京大文学部は、「京都学派」と呼ばれる、多彩な学知の運動体の発源地でもありました。例えば哲学の「京都学派」は非西洋圏の哲学運動の一つのパラダイムとして、現在、世界各地で盛んに研究されています。

これら「京都学派」の一つの特徴は、目先の流行を追うのではなく、時空を超えた古典との対話を重視し、西洋のみならず、アジアなど多様な文化圏・文明圏の知的伝統に目を向ける、広くて深い視野にあります。

京大文学部には、現在でも、あまたの研究者が集い、新たな未来の「京都学派」の息吹がいたるところに芽生えています。

京大文学部の原動力は、何よりも知の担い手である人であり、それらの人々の間の、時には「ちょっと濃すぎる⋯⋯」と天を仰ぎたくなるような、濃密な交流の時空間です。

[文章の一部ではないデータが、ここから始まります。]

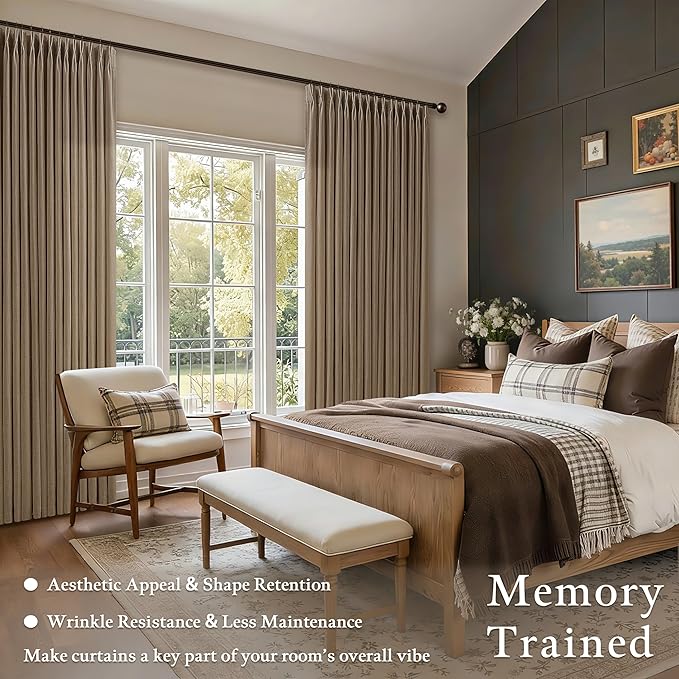 Pinch Pleated Linen Curtains 98 Inches Long 2 Panels Set for Living Room Dutch Cocoa Back Tab Light Filtering Pleat Drapes with Hooks Rings 98 Inch Semi Sheer Sliding Glass Door Window Curtain 50x98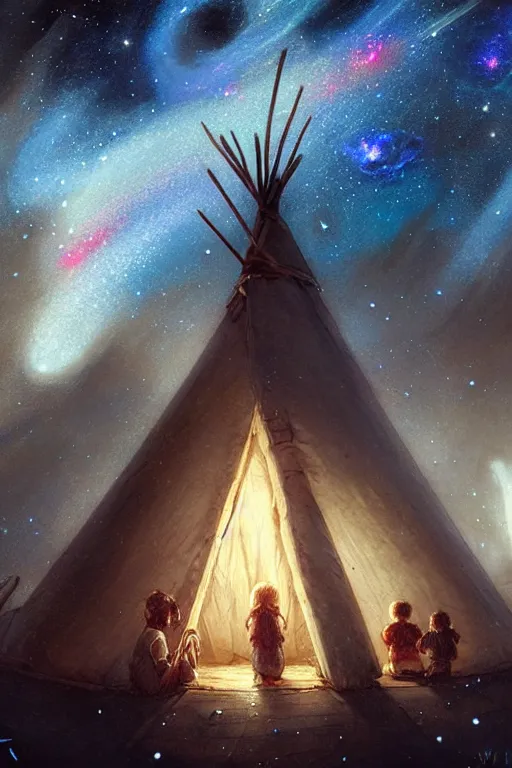 Image similar to a mother a father and 8 children sitting in front of a tipi with galaxies overhead, stars, nebulae, by wlop, by luis royo, by peter mohrbacher, concept art, digital illustration, intricate, masterpiece, elegant, super detailed, unreal engine rendering, smooth, sharp focus, artstation hq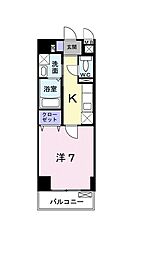 アウル三鷹 1Kの間取図画像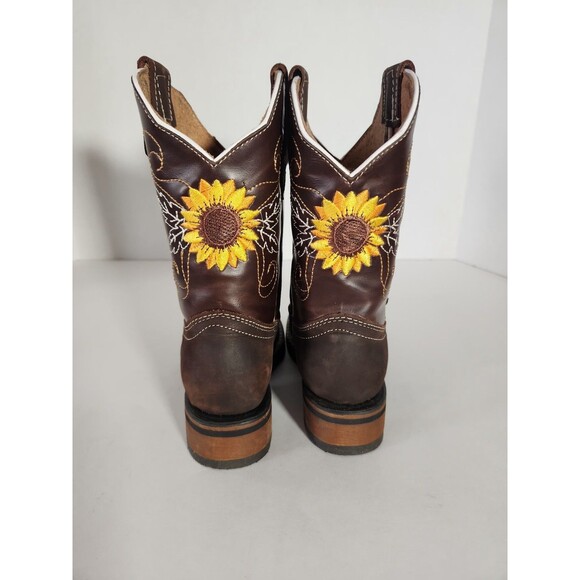 El Carril Genuine Leather Cowgirl Boots Sunflower Embroidered  Size 19.5 Us13.5? - Picture 5 of 8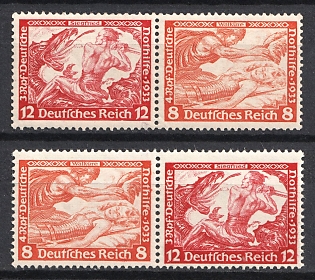 1933 Third Reich, Germany, Wagner, Se-tenants, Zusammendrucke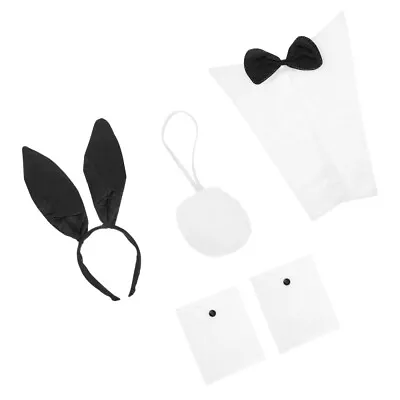  Rabbit Headband Set Cloth Miss Tail Costume Bunny Cosplay Collar Ears Hair Hoop • £9.69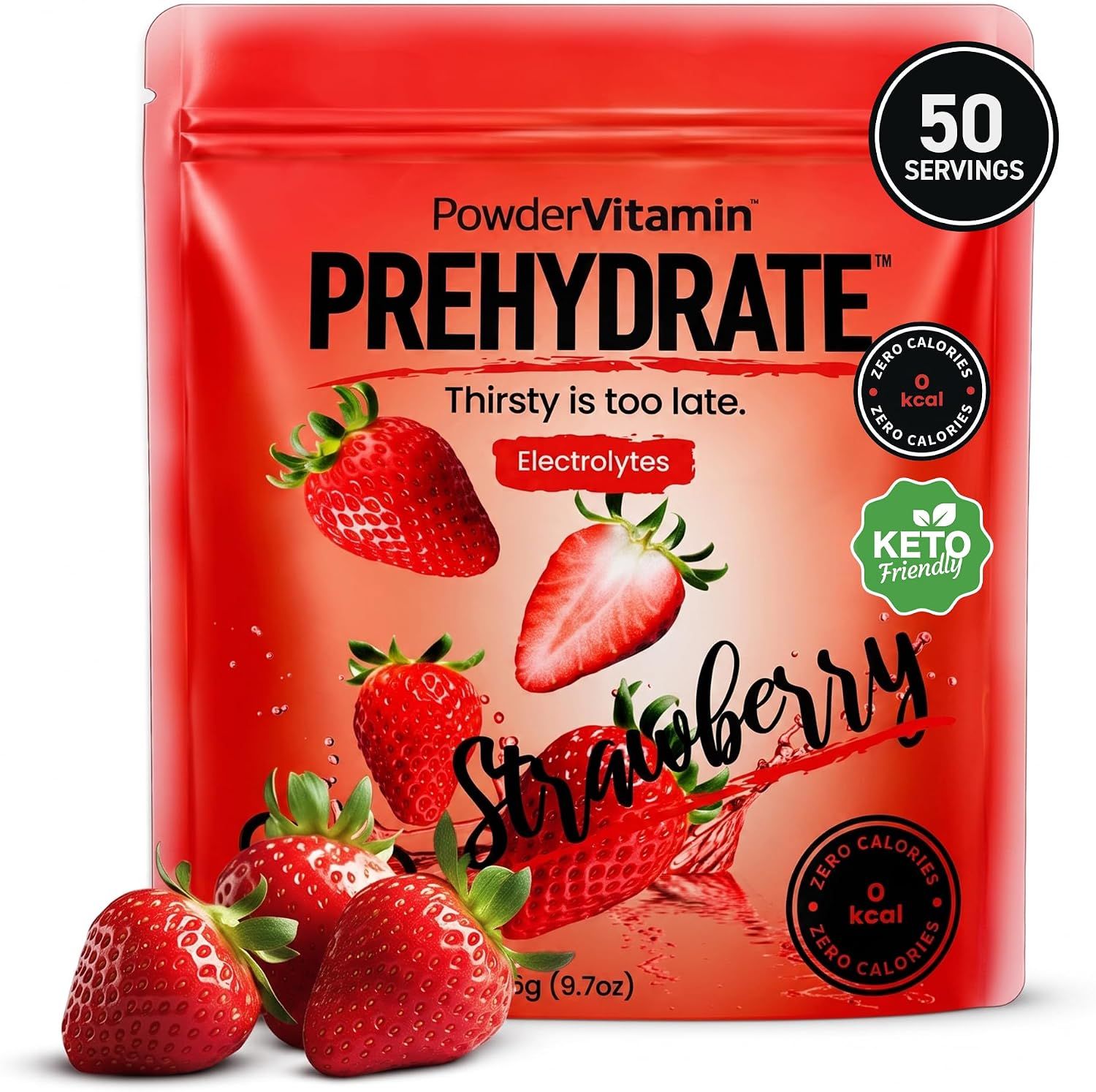 Shows the core electrolyte powder pouch as the main sellable item so shoppers know exactly what they are buying. Uses a bold red gradient background to make the pouch stand out and reinforce the…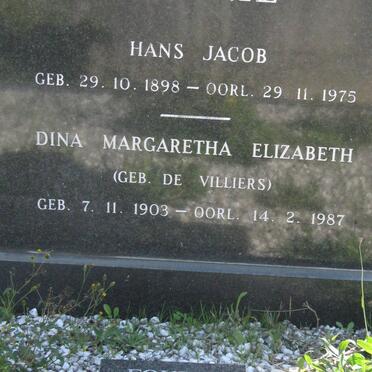 FOURIE Hans Jacob 1898-1975 &amp; Dina Margaretha Elizabeth DE VILLIERS 1903-1987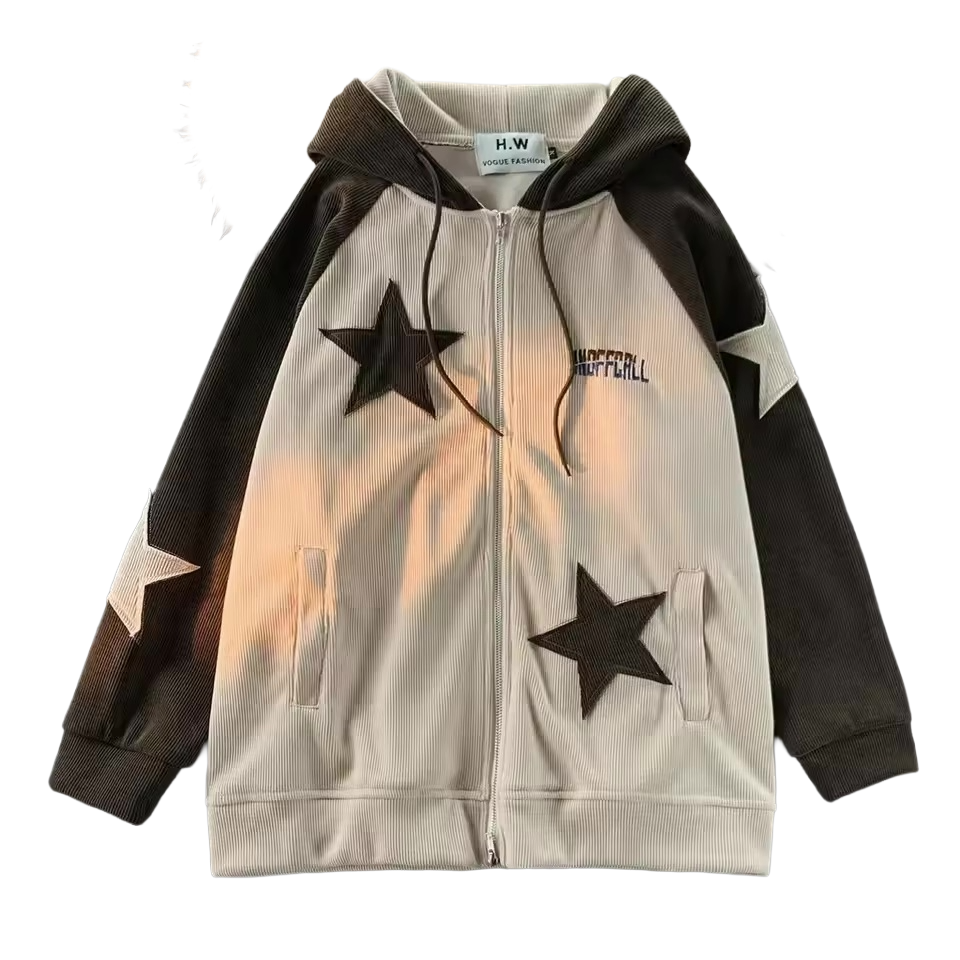 Star Panel Corduroy Zip-Up Hoodie - Streetwear Boulevard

脇目もふらずにわが道をゆく人。普段はグズグズ系なのに、ツボにはまった途端とんでもない膂力を発揮し出す人。京大文学部には、そのような「けったいな面々」がわらわらと集っていたのです。

僕自身、綺羅星のごとき「けったいな面々」と京大文学部で出逢いました。そして、ここでは、いまだに、そういった人たちが大手を振って闊歩していたりします。(あっ、僕のことではありません。)

「京都」は世界の人文社会系の研究者や学生の憧れの「聖地」でもあります。京大文学部には、世界から、われわれに負けず劣らず「けったいな面々」が、引きも切らずに訪れ、濃密な時空間をさらに濃厚にしてくださっています。

いま社会は、世界は、「価値」を必要としています。心に響き、人を動かす「言葉」を必要としているのです。

京大文学部は、このような価値や言葉を切実に希求されている国内外の産官学民の方々にも開かれた「場」です。

新たな時代の価値、来るべき世代のための言葉を紡ぎ出す京大文学部の「けったいな面々」に、あなたも、ぜひ、お加わりください!